The marginal distribution wrt. a node \(X_i\) is found by removing \(X_i\) from the graph and connecting

*all*\(X_i\)’s neighbors. For instance when integrating \(X_4\) out of the joint density we get the following graph for the remaining nodes:

Conditioning preserves sparseness. Marginalizing tend to destroy sparseness by adding more edges to the graph.

### 12.1.3 Directed acyclic graph

When building models in TMB it is often more natural to specify processes in incremental steps - i.e. through the successive conditional distributions. The previous example could be simulated by drawing the variables \(X_1,X_2,X_3,X_4\) one by one in the given order as illustrated by the following *directed* graph:

The graph shows dependencies of any specific node *given past nodes*. The edge from \(X_1\) to \(X_3\) was not in the original (undirected) graph. This is a so-called **fill-in**.

Order matters.

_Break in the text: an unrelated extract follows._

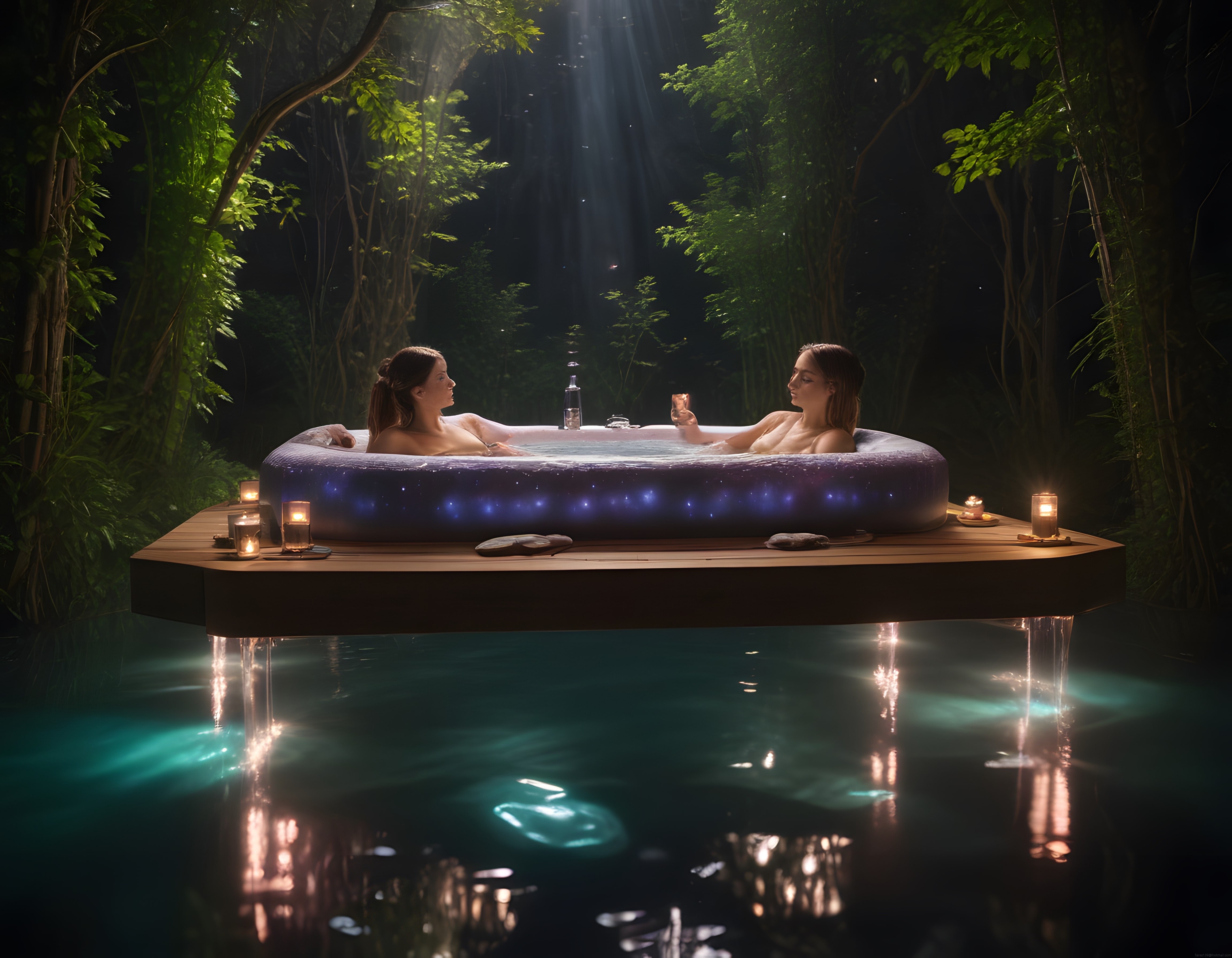 Göl Üzerinde Ormanın İçinde Jakuzi Keyfi ve Mum Işıklarıyla Spa Anı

The DAG is different from the conditional independence graph.

### 12.1.4 The effect of adding data

It is convenient to use a box-shape for nodes that represent data. For instance if we pretend that \(X_4\) is a data point we would illustrate it by:

Here there are only three variables left. The conditional independence structure of the variables is:

which is the same graph as was previously found by integrating \(X_4\) out of the joint distribution.

Data nodes destroy sparsity the same way as marginalization. To avoid this, try to associate each data point with a single random effect.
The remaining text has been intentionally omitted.